Kiprianu: Endişeliyiz…
AKEL Genel Sekreteri Andros Kiprianu, Anastasiadis’in ve çalışma arkadaşlarının önce Güvenlik ve Garanti konularının görüşülmesine dair öneriyle aldıkları risk ve sorumluluktan büyük endişe duyduğunu, bunu saklamayacağını söyledi. “Türkiye’nin çözüm isteyip istemediğinin sınanması gerektiğine AKEL de inanıyor. Ancak prosedürün çökme ve sorumluluğun Rum tarafına yüklenmesi tehlikesi var” dedi. Kiprianu Anastasiadis’e, konuyu BM ile görüşmeye ve prosedürün yitirilmesine izin vermemeye çağırdı, şunları söyledi:
“Başkanlık seçimlerinden sonra Mart 2018’de gidip Kıbrıs sorununa kaldığı yerden devam edeceğimiz, siyasi saflıktır. Bugüne kadar Kıbrıs Rum tarafının tezi, Kıbrıs sorununun iç yönlerinin kapanması ve uluslararası yönlerine sonra geçilmesiydi. Anastasiadis bazı siyasi partiler prosedürü tersine çevrilmesi konusunu gündeme getirdiklerinde, kendilerine argümanlarla cevap verirdi. Bugün bu öneriyi benimsiyor. Bu sefer de Kıbrıs zararlı çıkmasın.”

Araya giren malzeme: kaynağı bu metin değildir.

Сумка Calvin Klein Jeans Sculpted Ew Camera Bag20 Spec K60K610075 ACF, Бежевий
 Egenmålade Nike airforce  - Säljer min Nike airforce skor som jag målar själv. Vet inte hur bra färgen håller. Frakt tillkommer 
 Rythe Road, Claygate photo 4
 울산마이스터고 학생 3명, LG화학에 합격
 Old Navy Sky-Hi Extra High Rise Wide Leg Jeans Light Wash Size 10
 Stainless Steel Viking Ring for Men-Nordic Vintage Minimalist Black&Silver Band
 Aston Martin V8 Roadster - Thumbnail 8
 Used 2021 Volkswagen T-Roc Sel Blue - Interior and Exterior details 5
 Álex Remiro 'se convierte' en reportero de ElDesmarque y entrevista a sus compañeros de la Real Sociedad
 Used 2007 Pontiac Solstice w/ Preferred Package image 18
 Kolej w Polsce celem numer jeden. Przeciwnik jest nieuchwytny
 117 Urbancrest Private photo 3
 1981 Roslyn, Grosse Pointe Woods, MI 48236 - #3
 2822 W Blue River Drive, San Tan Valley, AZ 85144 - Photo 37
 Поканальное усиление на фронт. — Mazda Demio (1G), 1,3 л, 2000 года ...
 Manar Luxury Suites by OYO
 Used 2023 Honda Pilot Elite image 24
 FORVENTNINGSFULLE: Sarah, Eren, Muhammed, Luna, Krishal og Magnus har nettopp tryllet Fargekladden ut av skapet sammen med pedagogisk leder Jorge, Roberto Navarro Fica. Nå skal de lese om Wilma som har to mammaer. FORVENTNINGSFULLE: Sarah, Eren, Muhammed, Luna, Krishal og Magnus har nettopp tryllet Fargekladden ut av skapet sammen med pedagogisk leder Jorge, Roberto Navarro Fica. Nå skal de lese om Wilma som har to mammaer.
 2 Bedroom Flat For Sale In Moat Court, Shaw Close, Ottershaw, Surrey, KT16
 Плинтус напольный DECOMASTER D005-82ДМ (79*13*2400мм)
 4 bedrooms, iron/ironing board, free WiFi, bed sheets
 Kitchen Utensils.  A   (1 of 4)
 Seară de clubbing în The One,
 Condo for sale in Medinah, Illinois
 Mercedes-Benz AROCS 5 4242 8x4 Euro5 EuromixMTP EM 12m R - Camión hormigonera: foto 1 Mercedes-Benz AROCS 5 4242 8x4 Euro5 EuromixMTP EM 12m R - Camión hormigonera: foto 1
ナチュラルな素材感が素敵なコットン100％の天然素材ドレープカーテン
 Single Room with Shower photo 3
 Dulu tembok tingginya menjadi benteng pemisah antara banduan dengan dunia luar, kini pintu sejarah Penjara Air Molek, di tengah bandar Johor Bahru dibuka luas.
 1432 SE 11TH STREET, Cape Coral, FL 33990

Papadopulos: Anastasiadis’in stratejisi yok
DİKO Başkanı Nikolas Papadopulos, Anastasiadis’in “değişimlerinden” Rum tarafının da “zafiyetinden, karışıklığından ve daha çok taviz verme niyetinden” söz etti. Anastasiadis’i stratejisi olmamakla suçlayan Papadopulos “İtibarsızlığı yüzünden inisiyatiflerinde sorunlar oluyor. Sayın Anastasiadis’in itibarsızlığı yüzünden ikna edici olmamız söz konusu değil. Türk uzlaşmazlığını aşmak için stratejisi nedir? Önerisi konusunda siyasi liderliği bilgilendirmedi. Karartmaya devam ediyor” dedi.
Lillikas: Çıkmazın eşiğindeyiz
Vatandaşlar İttifakı Başkanı Yorgos Lillikas “çıkmazın eşiğindeyiz” diyerek, Anastasiadis’in anlattığı önerinin görüntüde bir çıkış yolu sağlayabileceğini ancak doğru ön hazırlık olmadan Kıbrıs sorunuyla ilgili bir konferansın, sadece çıkmazı resmileştireceğini savundu.
Dayanışma Hareketi Başkan Vekili Pollis Pallikaros “Müzakerelerde çöküş ve Mustafa Akıncı’nın varılan yakınlaşmalardan ciddi gerilemeleri saptandı. Muhtemel bir uluslararası konferansta olumlu bir şey olacağını öngörmüyorum” ifadesini kullandı.